Write out again the lines from the line with "Elk Flower Christmas Tree Napkin Rings Bells" up to and including the line with "Uxcell 20-Pack Single", exactly as they stand below, and skip any picture.

=== Records for processing ===
===============

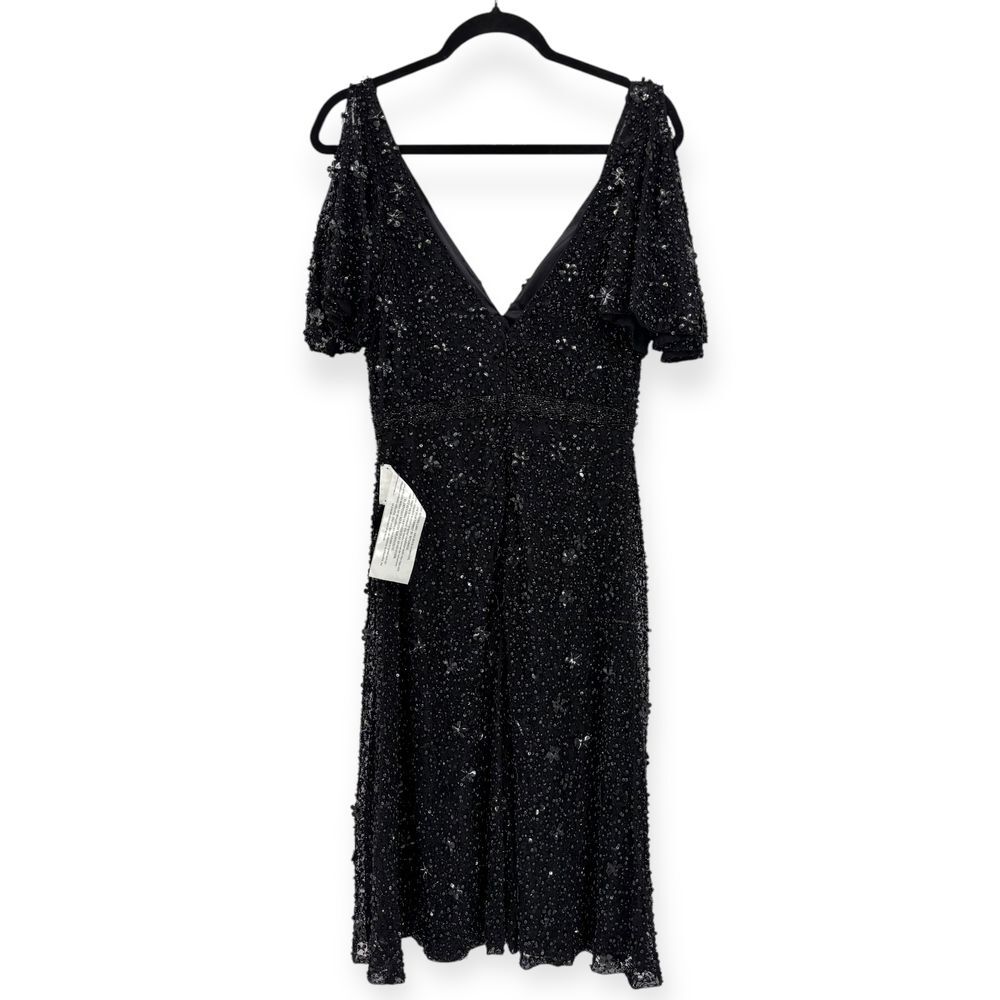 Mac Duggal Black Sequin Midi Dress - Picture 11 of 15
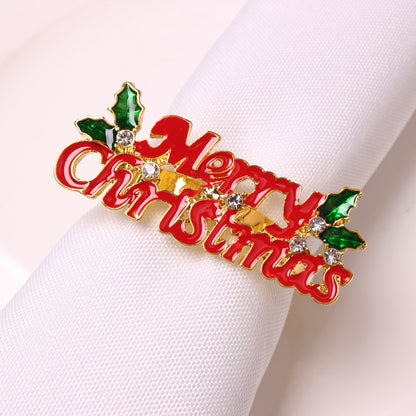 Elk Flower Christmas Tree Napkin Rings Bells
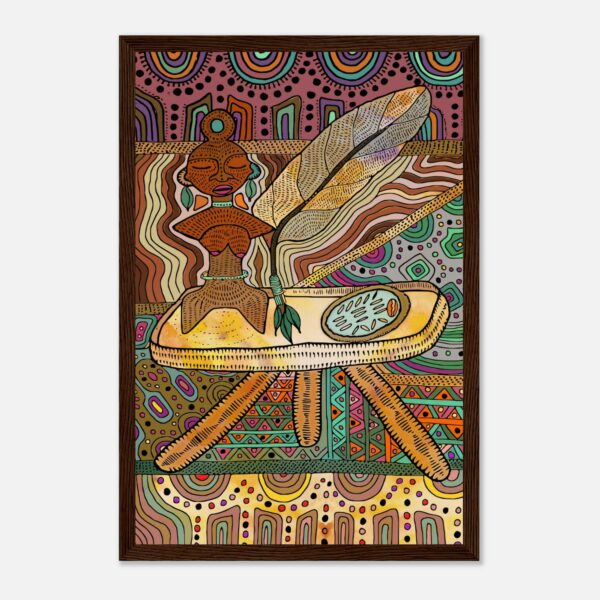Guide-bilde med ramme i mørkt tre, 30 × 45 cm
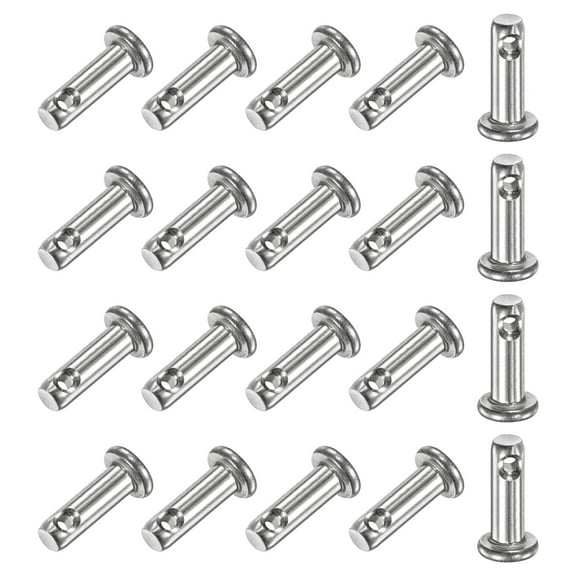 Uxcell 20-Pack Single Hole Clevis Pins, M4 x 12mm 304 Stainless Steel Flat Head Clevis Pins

===============

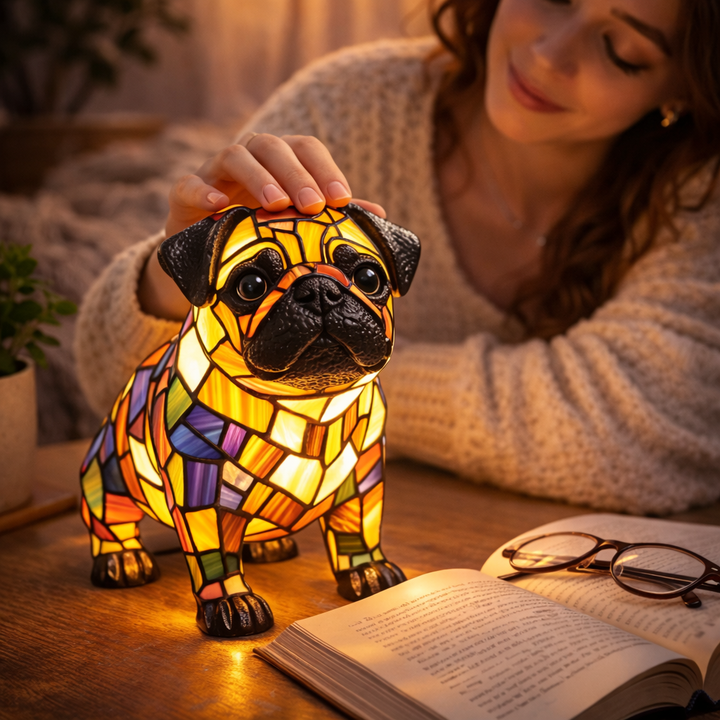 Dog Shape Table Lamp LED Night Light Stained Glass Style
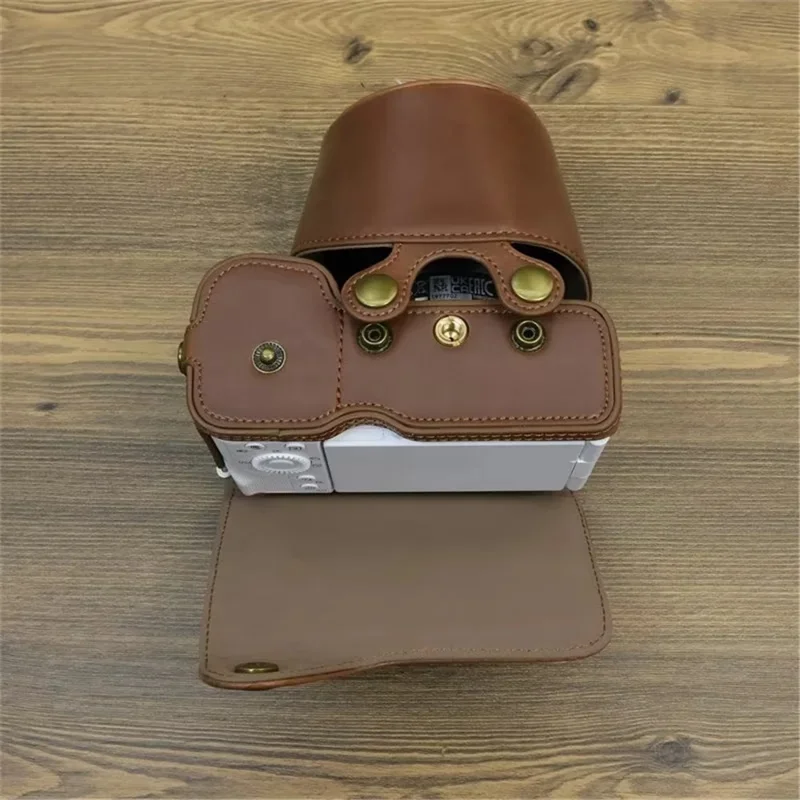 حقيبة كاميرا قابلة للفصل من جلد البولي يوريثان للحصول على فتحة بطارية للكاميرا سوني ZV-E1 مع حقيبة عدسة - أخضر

===============

=== Written solution ===
 Elk Flower Christmas Tree Napkin Rings Bells
Guide-bilde med ramme i mørkt tre, 30 × 45 cm
 Uxcell 20-Pack Single Hole Clevis Pins, M4 x 12mm 304 Stainless Steel Flat Head Clevis Pins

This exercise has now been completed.